Selling is a lot about psychology.
People buy driven by emotional impulses, many of them even more primitive than we might have thought.
Already some time ago, marketing and sales experts became aware of this phenomenon and created a science called Neuromarketing.
But, what’s Neuromarketing?
Neuromarketing are those techniques used in advertising and marketing that appeal to the most primitive side of people’s brains and encourage them to buy a product or service.
I will try to explain how our brain works in a simple way.
The youngest part of the brain is the outer layer. It’s responsible for such things as written language processing, complex thinking, calculation and rationalisation of decisions.
The middle section of the brain processes emotional responses. It gives you a feeling about your decision.

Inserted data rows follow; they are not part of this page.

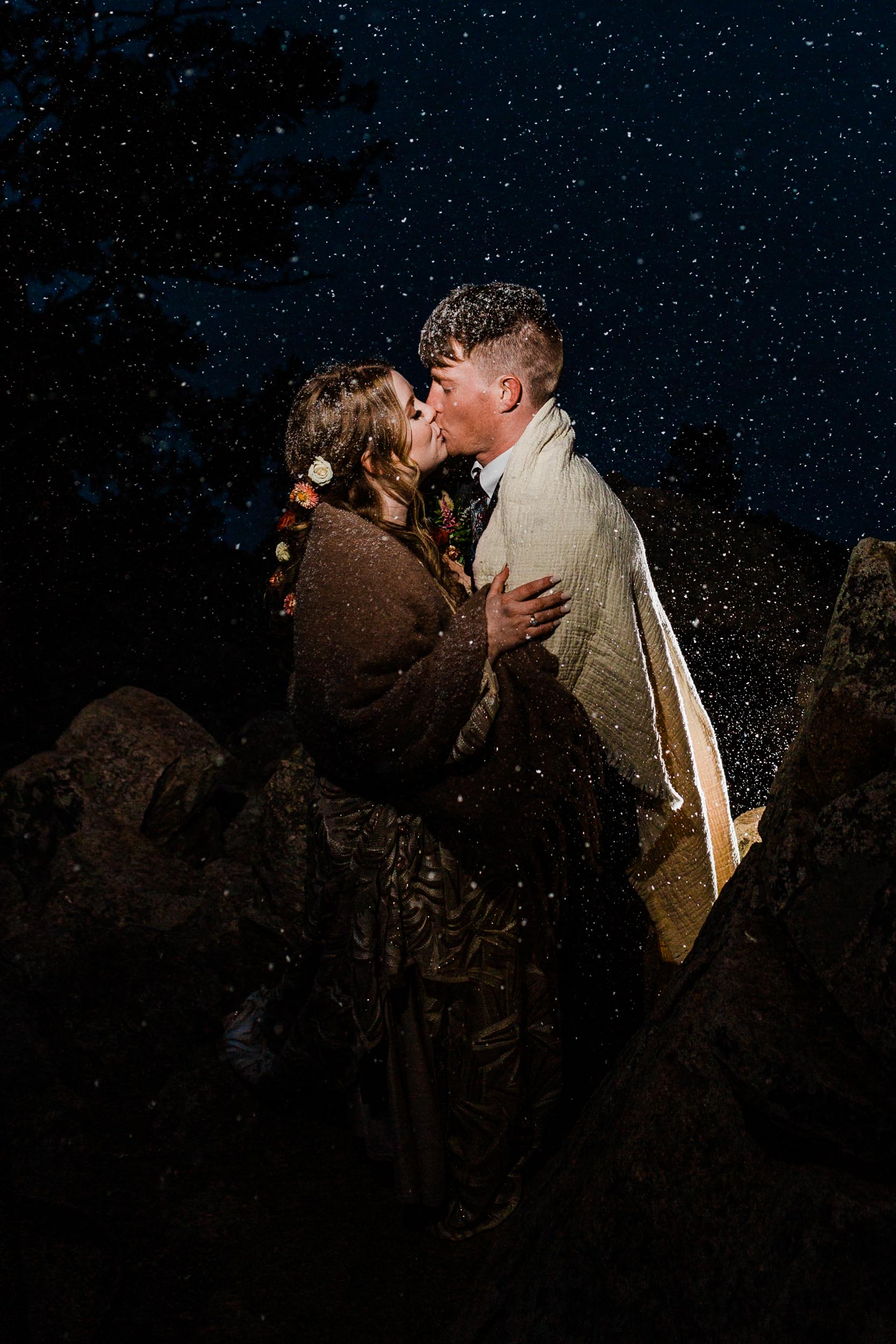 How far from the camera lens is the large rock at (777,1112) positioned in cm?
92

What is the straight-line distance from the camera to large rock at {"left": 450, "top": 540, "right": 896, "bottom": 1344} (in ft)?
3.03

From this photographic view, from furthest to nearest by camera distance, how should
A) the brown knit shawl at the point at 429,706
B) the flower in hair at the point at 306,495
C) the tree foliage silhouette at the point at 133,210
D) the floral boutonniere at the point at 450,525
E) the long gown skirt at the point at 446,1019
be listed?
the tree foliage silhouette at the point at 133,210 → the floral boutonniere at the point at 450,525 → the flower in hair at the point at 306,495 → the long gown skirt at the point at 446,1019 → the brown knit shawl at the point at 429,706

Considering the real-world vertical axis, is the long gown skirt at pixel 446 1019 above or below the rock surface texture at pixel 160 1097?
above

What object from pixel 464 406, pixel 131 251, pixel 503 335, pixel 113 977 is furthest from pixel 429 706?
pixel 131 251

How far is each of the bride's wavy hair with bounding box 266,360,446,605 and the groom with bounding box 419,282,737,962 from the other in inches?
6.2

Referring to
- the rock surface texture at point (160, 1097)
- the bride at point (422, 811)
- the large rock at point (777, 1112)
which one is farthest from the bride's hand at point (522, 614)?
the rock surface texture at point (160, 1097)

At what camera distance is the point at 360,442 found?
2.32 m

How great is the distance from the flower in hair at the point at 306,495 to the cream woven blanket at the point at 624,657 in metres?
0.49

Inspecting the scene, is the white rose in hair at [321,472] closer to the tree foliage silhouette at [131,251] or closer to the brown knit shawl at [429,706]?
the brown knit shawl at [429,706]

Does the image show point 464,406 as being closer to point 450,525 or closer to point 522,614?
point 450,525

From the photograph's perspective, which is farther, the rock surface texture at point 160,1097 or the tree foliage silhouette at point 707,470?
the tree foliage silhouette at point 707,470

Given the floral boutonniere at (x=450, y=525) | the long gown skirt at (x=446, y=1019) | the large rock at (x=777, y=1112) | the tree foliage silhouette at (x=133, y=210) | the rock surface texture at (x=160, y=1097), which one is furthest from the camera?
the tree foliage silhouette at (x=133, y=210)

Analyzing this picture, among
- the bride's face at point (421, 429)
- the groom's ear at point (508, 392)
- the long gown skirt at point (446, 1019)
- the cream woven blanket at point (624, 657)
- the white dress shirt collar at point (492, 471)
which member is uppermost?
the groom's ear at point (508, 392)

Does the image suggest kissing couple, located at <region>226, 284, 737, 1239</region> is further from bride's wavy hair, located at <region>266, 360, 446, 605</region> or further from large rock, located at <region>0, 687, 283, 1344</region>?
large rock, located at <region>0, 687, 283, 1344</region> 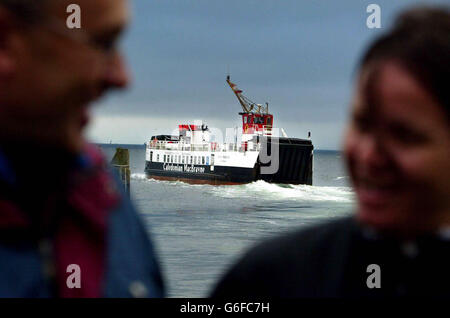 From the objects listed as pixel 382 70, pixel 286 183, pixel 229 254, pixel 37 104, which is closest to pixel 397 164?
pixel 382 70

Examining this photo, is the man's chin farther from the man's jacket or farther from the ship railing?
the ship railing

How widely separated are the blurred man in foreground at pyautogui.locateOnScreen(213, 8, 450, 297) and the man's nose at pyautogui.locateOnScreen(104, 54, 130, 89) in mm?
442

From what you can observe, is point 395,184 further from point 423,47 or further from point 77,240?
point 77,240

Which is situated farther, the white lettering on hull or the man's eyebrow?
the white lettering on hull

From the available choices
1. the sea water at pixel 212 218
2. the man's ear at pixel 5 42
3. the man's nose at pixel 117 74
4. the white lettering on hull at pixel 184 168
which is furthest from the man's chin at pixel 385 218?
the white lettering on hull at pixel 184 168

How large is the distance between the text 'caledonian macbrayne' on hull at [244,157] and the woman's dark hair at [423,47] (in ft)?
145

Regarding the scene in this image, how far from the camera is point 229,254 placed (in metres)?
22.2

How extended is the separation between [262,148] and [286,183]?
647 centimetres

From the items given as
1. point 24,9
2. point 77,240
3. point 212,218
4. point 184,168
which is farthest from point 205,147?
point 24,9

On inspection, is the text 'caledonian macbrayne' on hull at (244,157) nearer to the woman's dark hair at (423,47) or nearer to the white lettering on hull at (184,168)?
the white lettering on hull at (184,168)

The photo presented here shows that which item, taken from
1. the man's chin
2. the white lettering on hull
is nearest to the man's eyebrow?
the man's chin

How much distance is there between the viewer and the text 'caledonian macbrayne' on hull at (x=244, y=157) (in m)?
46.8

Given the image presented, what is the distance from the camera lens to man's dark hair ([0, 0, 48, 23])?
123 centimetres

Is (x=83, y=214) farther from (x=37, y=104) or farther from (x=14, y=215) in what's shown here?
(x=37, y=104) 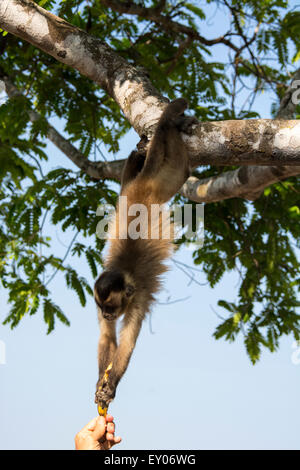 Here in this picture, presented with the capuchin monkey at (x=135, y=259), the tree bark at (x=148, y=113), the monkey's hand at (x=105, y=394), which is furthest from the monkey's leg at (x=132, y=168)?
the monkey's hand at (x=105, y=394)

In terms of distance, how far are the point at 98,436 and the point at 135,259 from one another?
185 cm

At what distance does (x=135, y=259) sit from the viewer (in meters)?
4.84

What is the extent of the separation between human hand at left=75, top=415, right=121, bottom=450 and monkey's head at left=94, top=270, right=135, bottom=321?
1.03m

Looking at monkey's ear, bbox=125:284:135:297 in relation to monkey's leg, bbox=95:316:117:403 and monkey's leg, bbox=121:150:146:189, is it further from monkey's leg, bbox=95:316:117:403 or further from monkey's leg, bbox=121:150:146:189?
monkey's leg, bbox=121:150:146:189

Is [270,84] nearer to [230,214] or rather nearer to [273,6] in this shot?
[273,6]

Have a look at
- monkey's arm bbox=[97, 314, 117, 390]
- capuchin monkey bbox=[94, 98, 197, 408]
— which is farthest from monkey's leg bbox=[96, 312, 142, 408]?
monkey's arm bbox=[97, 314, 117, 390]

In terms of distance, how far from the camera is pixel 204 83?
697 centimetres

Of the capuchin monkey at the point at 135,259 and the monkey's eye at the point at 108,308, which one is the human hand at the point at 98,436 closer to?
the capuchin monkey at the point at 135,259

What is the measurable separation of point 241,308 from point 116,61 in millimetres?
4283

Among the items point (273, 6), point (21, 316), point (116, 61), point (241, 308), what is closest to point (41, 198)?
point (21, 316)

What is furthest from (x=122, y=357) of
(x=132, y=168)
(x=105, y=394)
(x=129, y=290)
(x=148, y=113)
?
(x=148, y=113)

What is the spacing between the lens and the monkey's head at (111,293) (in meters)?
4.29

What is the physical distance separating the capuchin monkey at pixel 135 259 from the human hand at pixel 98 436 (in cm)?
62

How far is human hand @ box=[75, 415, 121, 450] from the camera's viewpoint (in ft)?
11.3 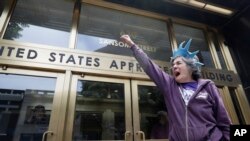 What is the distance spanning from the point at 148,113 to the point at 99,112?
625 millimetres

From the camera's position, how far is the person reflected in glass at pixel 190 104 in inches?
52.2

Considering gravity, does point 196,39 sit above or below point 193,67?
above

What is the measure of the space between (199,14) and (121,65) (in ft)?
6.12

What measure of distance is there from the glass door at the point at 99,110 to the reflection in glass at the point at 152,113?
0.19 meters

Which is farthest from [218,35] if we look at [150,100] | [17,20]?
[17,20]

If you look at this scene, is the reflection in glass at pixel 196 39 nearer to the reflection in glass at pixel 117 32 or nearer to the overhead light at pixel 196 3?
the reflection in glass at pixel 117 32

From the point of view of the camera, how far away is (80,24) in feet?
9.62

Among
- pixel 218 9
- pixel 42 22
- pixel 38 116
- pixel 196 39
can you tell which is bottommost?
pixel 38 116

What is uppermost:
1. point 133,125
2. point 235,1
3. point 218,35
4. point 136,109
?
point 235,1

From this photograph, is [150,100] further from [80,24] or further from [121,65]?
[80,24]

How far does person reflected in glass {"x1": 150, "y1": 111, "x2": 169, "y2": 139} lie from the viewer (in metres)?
2.47

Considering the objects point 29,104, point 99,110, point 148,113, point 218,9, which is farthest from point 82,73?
point 218,9

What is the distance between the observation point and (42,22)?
276 cm

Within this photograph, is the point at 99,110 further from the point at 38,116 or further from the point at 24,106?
the point at 24,106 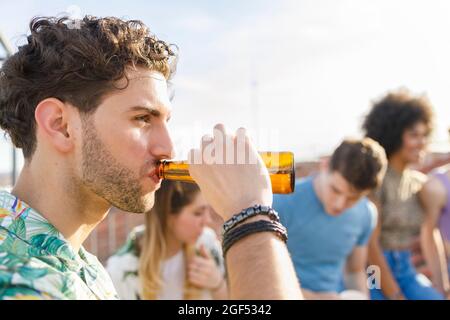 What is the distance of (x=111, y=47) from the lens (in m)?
1.57

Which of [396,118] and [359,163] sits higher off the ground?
[396,118]

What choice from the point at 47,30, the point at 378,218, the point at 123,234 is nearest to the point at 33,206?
the point at 47,30

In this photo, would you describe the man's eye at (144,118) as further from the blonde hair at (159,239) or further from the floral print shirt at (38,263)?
the blonde hair at (159,239)

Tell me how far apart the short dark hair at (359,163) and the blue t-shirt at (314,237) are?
10.7 inches

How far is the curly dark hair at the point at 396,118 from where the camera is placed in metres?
3.74

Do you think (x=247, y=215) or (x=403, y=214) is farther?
(x=403, y=214)

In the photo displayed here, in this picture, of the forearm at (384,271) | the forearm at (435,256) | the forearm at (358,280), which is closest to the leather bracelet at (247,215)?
the forearm at (384,271)

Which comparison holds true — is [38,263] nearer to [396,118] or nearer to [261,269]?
[261,269]

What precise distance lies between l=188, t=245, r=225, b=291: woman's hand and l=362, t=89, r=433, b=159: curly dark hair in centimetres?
156

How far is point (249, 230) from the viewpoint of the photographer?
1.06 metres

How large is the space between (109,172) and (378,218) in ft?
7.95

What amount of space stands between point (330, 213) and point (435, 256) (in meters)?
0.88

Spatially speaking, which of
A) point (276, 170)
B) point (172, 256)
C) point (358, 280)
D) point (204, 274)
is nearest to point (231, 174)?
point (276, 170)

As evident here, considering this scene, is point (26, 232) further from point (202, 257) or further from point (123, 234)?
point (123, 234) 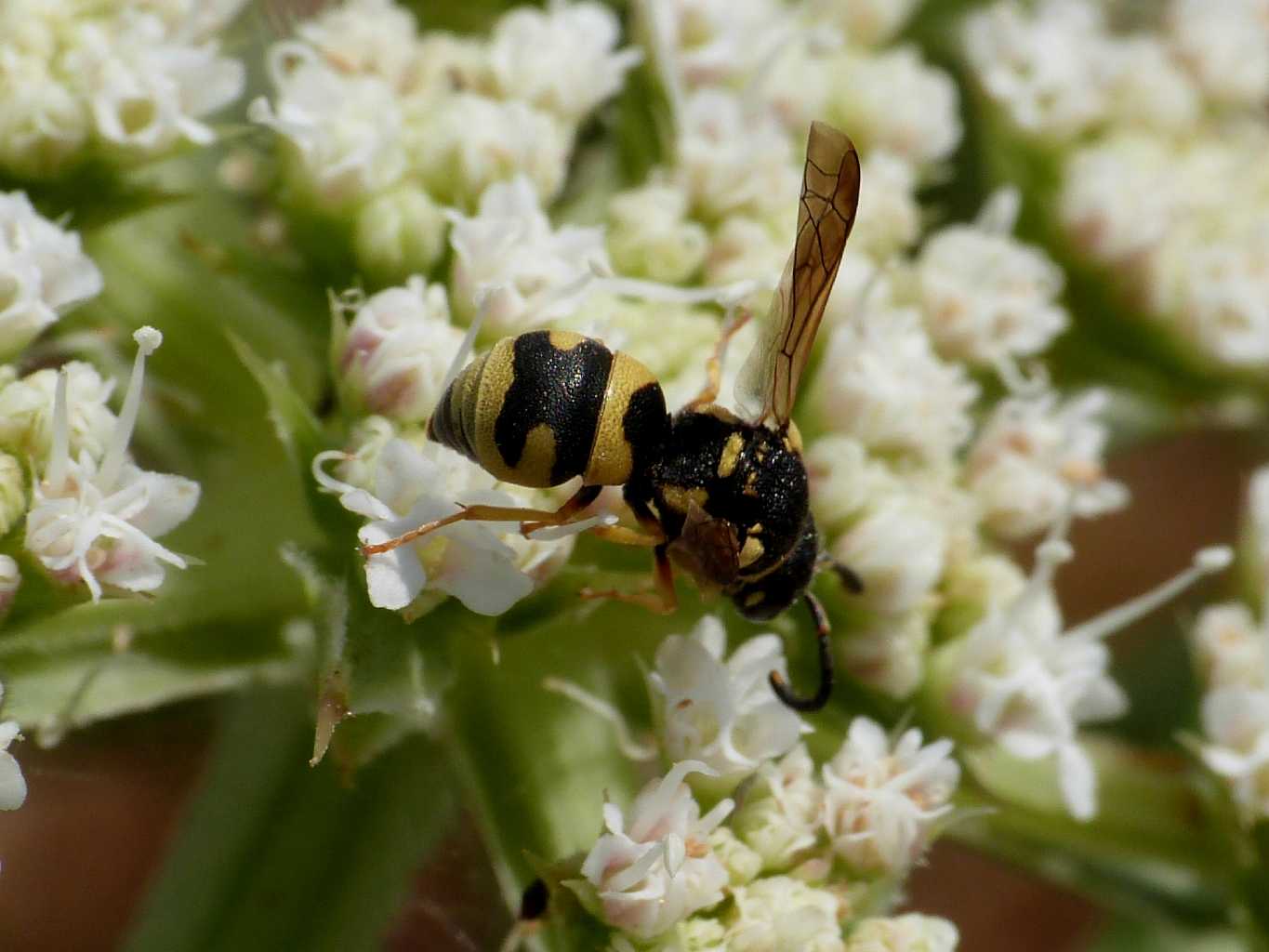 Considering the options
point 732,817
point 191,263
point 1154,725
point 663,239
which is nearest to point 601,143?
point 663,239

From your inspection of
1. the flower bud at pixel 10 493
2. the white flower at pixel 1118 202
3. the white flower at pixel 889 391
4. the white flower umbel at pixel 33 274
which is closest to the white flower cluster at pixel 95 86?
the white flower umbel at pixel 33 274

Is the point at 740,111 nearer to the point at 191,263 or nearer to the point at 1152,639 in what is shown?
the point at 191,263

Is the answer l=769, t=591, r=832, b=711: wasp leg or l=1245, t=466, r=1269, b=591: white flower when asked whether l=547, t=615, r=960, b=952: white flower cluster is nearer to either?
l=769, t=591, r=832, b=711: wasp leg

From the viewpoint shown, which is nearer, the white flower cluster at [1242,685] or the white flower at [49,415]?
the white flower at [49,415]

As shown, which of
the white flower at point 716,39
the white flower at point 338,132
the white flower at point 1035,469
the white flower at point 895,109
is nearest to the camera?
the white flower at point 338,132

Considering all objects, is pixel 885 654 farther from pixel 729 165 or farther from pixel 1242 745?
pixel 729 165

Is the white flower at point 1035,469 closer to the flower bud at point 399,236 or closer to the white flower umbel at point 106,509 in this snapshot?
the flower bud at point 399,236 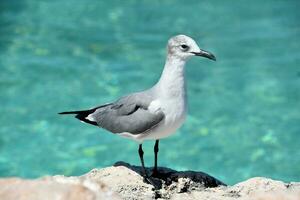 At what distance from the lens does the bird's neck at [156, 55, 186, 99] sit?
3.55m

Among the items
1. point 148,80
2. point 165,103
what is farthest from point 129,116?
point 148,80

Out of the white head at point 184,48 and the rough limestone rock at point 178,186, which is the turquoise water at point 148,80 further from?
the white head at point 184,48

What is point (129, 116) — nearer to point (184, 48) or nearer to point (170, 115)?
point (170, 115)

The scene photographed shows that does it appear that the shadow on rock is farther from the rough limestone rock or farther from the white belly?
the white belly

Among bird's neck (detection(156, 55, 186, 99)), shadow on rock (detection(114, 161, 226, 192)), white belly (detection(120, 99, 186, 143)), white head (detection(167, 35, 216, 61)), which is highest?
white head (detection(167, 35, 216, 61))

The oldest part of the brain is the reptile area. It’s responsible for instinct and survival. Its main objective is to avoid pain. It’s this area that takes our decisions.
I know, you are surprised that the more primitive side (it’s called reptile!) takes the decisions for you but there is a logical reason for it.
Our brain needs a lot of energy to function. It represents only 2% of our body mass, but burns 20% of our energy (In some particular cases I’m sure is much less 😊), so it’s optimised to conserve energy and not waste it.
This means that you are not going to waste valuable energy involving other regions of the brain to process external stimuli if this is not strictly necessary for survival.
Neuromarketing therefore primarily target those two parts of the brain, the survival part (or how to avoid pain) and the emotional part (or how to be happier).
It’s more clear now, isn’t it? Basically, we buy things to solve a problem, to avoid a danger or to feel better in order to achieve an improved version of ourselves.
How simple we are and how much we worry for nothing 😊.
Let’s take a look at how we can convince these two sections of the brain and get people to trade their precious money for what we have to offer.
Are you staying with me?
Let’s get started.
Drawing the attention of the reptilian brain
If you can prove to the reptilian part that you are worthy of attention, then and only then will the other parts of the brain get involved as well.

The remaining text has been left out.